Als Organisation für die Förderung von ziviler Nuklearenergie gilt die IAEO, die in der Wiener Uno-City ihren Sitz hat, als oberstes Kompetenzzentrum in diesem Bereich. Der Andrang auf die Website der Behörde war am Samstag teilweise so groß, dass die Seite zusammenbrach und die Pressestelle auf Facebook ausweichen musste.

Doch nähere Informationen konnte auch die IAEOden Samstag über nicht bieten: Die Mitteilung, dass die japanische Behörde für Nuklearsicherheit sie über die Explosion informiert habe, veröffentlichte die Organisation um 13.40 Uhr. Der Vorfall habe sich 7.30 Uhr MEZ ereignet, mehr Details gebe es derzeit nicht. Die japanischen Behörden bereiteten sich darauf vor, Jod an die Bewohner der Gegend zu verteilen. Das soll gegen Schilddrüsenkrebs helfen, wenn man radioaktiver Strahlung ausgesetzt war. Mehr gab es nicht, den ganzen Tag über. Erst am Abend, zwölf Stunden nach der Explosion, führte Amano die Situation vor Ort aus.

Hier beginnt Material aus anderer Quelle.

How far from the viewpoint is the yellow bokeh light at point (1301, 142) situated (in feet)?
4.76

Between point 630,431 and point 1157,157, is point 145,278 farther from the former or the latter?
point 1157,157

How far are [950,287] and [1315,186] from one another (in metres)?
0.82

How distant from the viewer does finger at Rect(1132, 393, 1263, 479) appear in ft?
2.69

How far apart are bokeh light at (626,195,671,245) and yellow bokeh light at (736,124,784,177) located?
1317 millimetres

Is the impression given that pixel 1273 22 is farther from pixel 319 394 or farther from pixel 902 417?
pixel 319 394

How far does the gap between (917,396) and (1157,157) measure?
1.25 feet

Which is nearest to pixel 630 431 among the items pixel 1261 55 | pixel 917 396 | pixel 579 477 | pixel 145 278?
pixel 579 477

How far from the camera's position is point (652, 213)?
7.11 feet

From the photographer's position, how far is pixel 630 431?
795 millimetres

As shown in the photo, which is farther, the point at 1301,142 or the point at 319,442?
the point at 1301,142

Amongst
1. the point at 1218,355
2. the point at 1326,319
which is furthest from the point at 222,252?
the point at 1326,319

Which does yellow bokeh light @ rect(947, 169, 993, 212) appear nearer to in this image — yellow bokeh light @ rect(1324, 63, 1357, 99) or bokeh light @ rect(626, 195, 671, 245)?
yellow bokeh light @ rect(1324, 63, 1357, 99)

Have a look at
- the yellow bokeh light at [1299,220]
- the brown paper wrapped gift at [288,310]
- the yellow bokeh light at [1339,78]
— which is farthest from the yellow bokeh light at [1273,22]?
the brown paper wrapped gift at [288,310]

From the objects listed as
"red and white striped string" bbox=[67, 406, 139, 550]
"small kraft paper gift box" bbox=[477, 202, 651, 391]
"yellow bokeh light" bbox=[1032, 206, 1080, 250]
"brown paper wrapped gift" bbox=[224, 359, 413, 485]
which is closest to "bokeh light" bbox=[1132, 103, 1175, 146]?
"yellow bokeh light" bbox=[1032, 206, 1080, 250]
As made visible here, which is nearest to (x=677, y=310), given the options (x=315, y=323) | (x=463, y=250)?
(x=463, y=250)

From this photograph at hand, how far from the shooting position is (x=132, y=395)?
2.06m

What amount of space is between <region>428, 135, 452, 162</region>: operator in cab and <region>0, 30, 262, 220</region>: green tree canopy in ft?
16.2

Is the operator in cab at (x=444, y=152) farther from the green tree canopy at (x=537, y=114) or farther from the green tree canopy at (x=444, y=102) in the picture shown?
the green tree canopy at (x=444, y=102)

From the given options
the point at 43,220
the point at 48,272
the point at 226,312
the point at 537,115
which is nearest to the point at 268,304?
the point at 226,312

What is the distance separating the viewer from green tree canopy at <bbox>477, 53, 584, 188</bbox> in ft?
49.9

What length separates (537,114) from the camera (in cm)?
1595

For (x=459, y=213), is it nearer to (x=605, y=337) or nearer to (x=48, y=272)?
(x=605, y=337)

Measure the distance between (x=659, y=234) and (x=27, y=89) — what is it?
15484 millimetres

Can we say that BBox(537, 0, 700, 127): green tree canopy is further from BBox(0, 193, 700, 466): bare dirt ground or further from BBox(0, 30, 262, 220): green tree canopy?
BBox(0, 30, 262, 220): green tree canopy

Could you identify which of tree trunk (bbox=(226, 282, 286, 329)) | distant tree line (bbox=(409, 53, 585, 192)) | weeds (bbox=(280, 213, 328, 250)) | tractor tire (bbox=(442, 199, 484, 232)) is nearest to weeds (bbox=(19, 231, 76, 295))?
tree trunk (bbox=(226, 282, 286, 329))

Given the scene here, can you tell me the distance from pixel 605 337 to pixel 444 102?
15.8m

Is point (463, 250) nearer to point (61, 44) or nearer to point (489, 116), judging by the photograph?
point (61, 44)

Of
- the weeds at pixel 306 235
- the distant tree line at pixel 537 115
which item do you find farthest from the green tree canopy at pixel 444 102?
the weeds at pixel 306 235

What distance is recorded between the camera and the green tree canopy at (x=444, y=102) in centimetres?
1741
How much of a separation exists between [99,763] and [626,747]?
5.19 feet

Der Grund: Die IAEO hat ein Krisenzentrum, das Incident and Emergency Centre, das aus rund 20 Experten besteht. Doch bei der Bewertung der Lage ist die Behörde auf die Informationen aus Japan angewiesen. Welche Vorfälle wie rasch, wie umfangreich und wie regelmäßig berichtet werden müssen, ist nach IAEO-Angaben nicht festgelegt.

Ein Warnsystem für Atomunfälle existiert nicht. Inspektionen, um die Sicherheit von Atomkraftwerken in den Mitgliedsstaaten zu überprüfen, gibt es nicht. "Nukleare Sicherheit liegt in der Verantwortung der Staaten" , sagte IAEO-Sprecher Greg Webb dem Standard. Anders etwa als bei den Inspektionen im Rahmen des Safeguards Abkommens, die unter anderem sicherstellen sollen, dass kein Nuklearmaterial für militärische Zwecke verwendet wird.

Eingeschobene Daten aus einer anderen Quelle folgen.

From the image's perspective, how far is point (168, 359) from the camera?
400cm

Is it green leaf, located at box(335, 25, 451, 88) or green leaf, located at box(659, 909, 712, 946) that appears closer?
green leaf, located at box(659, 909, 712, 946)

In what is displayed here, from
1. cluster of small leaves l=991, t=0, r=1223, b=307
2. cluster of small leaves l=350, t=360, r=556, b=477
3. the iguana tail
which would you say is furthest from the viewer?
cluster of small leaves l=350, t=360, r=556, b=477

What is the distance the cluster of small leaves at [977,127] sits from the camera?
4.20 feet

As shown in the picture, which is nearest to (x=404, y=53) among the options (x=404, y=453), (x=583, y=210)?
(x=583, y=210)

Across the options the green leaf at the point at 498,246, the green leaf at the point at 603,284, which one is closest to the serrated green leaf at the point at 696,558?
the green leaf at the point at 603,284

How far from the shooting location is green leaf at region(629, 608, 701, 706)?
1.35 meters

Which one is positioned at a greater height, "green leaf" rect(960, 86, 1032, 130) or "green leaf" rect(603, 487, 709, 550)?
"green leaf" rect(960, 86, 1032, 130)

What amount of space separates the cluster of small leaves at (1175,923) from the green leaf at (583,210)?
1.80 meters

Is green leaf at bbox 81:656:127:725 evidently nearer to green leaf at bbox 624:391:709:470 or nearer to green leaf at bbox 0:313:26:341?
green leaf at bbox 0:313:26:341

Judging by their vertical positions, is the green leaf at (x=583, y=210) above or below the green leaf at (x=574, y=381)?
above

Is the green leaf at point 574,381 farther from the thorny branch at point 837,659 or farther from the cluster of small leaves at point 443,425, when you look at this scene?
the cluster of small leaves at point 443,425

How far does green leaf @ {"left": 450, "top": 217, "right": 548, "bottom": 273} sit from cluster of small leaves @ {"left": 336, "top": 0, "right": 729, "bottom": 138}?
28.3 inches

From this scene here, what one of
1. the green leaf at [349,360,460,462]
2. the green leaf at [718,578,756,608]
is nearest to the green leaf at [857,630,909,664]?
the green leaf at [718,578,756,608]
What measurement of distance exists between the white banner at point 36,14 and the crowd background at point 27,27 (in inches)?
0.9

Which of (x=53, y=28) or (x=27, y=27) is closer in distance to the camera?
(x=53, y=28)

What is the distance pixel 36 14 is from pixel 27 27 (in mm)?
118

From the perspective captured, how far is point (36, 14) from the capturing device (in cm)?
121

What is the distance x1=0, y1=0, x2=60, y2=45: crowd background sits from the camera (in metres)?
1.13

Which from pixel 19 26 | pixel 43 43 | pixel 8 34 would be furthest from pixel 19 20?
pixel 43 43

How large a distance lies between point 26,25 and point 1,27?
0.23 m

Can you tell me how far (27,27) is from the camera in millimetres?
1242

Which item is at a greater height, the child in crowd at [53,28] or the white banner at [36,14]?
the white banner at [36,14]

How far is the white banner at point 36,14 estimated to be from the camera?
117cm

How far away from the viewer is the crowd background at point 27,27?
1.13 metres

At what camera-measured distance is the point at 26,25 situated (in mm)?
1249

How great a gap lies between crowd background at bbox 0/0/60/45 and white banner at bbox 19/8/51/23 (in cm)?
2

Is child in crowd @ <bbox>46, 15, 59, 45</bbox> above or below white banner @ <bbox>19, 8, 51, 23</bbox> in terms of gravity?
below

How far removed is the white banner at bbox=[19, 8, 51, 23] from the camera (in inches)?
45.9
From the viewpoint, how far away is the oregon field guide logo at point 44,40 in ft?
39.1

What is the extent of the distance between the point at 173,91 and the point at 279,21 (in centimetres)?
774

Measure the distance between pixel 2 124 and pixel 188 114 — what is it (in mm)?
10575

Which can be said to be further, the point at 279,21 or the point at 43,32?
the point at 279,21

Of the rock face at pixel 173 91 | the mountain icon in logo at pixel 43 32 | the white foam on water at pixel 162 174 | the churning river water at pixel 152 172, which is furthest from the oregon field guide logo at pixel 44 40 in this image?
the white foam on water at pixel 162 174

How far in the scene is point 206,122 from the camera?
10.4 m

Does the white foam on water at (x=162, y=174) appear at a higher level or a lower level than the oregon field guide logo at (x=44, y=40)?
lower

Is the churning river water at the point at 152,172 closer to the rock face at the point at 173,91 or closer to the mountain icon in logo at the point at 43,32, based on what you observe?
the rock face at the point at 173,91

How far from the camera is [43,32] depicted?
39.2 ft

In Sachen Sicherheit von AKWs kann die IAEO zwar aktiv werden: sie kann Sicherheitssysteme prüfen, Notfallpläne begutachten, Messungen vornehmen, Empfehlungen abgeben oder auch Gesundheitsrisiken evaluieren - allerdings auf Einladung des Staates.

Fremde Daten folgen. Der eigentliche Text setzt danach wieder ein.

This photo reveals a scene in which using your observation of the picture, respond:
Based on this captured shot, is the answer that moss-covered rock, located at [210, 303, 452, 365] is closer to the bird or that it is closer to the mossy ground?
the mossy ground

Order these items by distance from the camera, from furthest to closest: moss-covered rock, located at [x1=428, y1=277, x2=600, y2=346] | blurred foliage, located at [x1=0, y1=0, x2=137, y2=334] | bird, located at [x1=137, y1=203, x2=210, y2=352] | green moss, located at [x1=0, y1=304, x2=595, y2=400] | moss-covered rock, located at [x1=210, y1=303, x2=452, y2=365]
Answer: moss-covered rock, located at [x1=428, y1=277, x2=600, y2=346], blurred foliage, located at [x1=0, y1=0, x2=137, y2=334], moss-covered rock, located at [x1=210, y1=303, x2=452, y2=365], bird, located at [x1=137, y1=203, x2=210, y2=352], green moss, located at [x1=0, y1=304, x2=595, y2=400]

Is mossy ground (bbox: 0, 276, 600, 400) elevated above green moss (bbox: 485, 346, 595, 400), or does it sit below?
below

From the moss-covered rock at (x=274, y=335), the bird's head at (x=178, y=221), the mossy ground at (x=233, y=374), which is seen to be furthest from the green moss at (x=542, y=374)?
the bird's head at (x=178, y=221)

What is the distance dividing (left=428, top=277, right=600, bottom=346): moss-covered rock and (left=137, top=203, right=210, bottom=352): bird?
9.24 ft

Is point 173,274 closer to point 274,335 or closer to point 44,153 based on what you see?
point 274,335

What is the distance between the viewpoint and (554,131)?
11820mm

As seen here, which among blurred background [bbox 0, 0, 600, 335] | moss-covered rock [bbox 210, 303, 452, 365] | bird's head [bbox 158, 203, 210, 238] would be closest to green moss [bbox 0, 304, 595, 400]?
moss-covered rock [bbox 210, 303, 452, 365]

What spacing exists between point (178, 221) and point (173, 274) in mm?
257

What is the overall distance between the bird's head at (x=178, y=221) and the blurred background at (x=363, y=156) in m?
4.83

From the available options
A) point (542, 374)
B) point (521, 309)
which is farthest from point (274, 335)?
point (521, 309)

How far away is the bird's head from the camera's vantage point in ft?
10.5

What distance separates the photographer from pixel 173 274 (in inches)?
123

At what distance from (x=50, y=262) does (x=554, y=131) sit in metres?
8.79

Der Unfall in Japan könnte sich jedoch auch auf anderer Ebene auf die Arbeit der IAEO auswirken. "Es ist nicht übertrieben zu sagen, dass wir am Beginn einer neuen Ära stehen" , hatte Generaldirektor Amano noch im September 2010 in seiner jährlichen Rede an die Versammlung der Mitgliedstaaten gesagt - und damit eine Ära der zivilen Atomenergie gemeint.

Boom der Atomenergie

Angesichts der starken Abhängigkeit von Öl und Gas sowie den Problemen des Klimawandels haten sich in den vergangenen Jahren mehr und mehr Staaten an die IAEO gewandt sich über ein ziviles Atomprogramm informiert. Das Interesse war mit über 60 Ländern so groß, dass die IAEO neue Mitarbeiter einstellte. Bis 2030, schätzte Amano, würde es zehn bis 25 neue Atomstaaten geben. Kritiker der Kernenergie hatten vor deren Gefahren gewarnt und den Staaten vorgeworfen, im Umgang damit zu blauäugig zu sein. (DER STANDARD, Printausgabe, 13.3.2011)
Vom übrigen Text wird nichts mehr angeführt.